_STORED DATA_.
*** Begin section ***

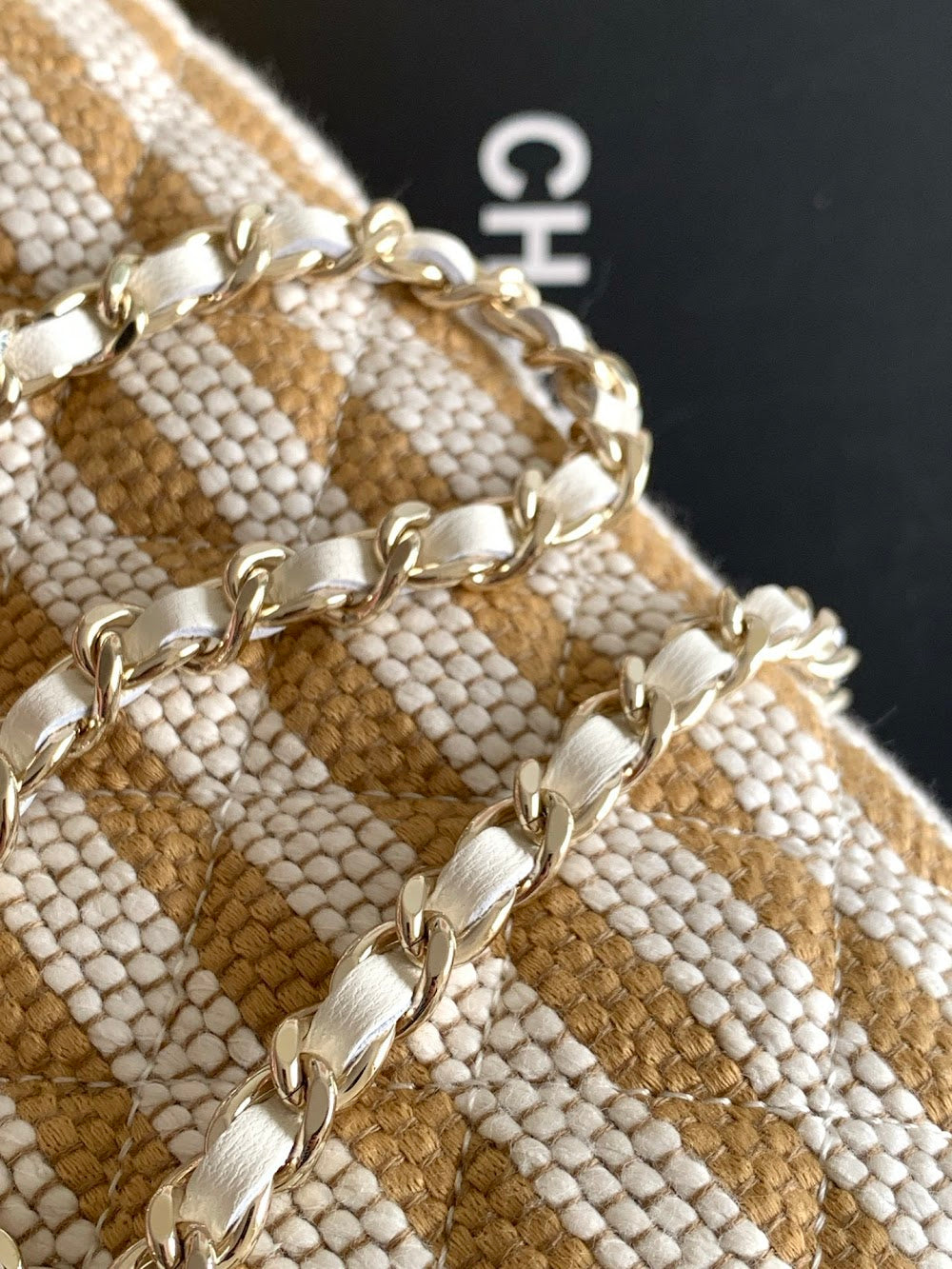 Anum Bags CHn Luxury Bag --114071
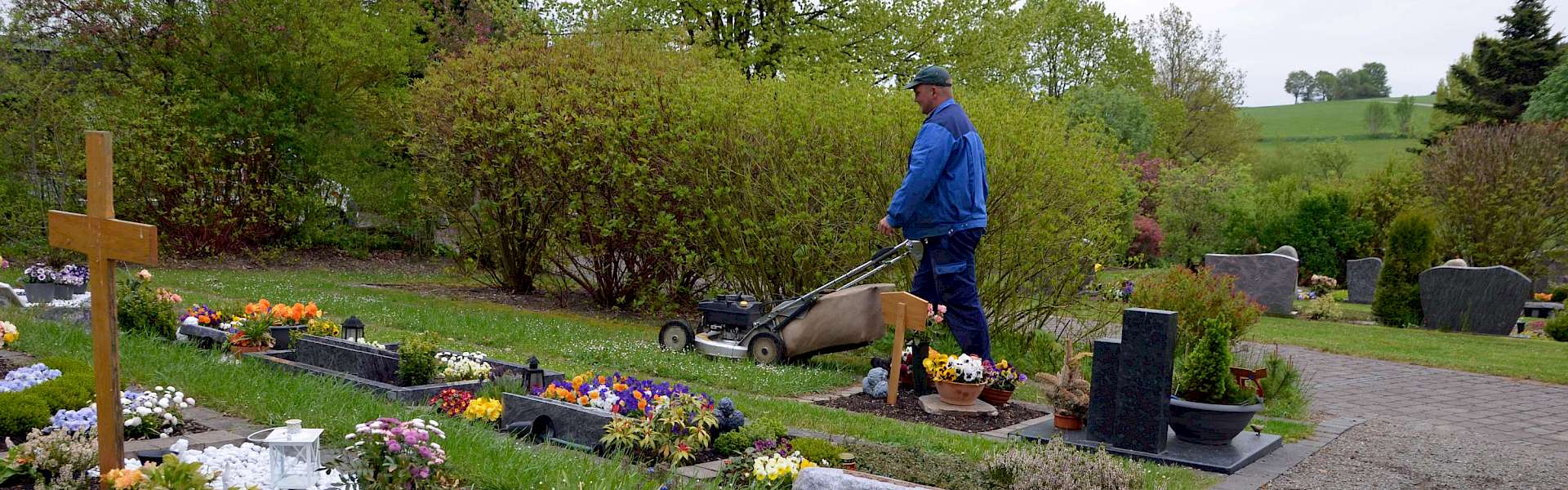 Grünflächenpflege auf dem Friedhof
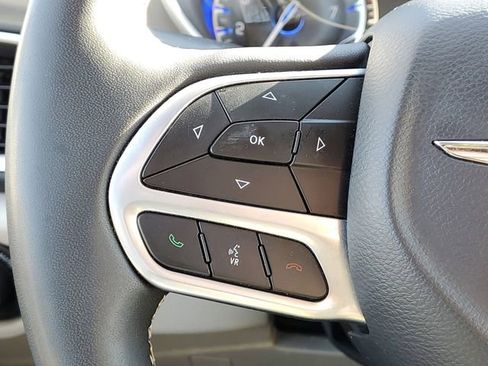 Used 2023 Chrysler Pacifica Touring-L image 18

*** End section ***

_PROBLEM STATEMENT_.
Please repeat every line from the listing above exactly as it appears. Drop the pictures.

_SOLVED PROBLEM_.
 Anum Bags CHn Luxury Bag --114071
 Grünflächenpflege auf dem Friedhof
 Used 2023 Chrysler Pacifica Touring-L image 18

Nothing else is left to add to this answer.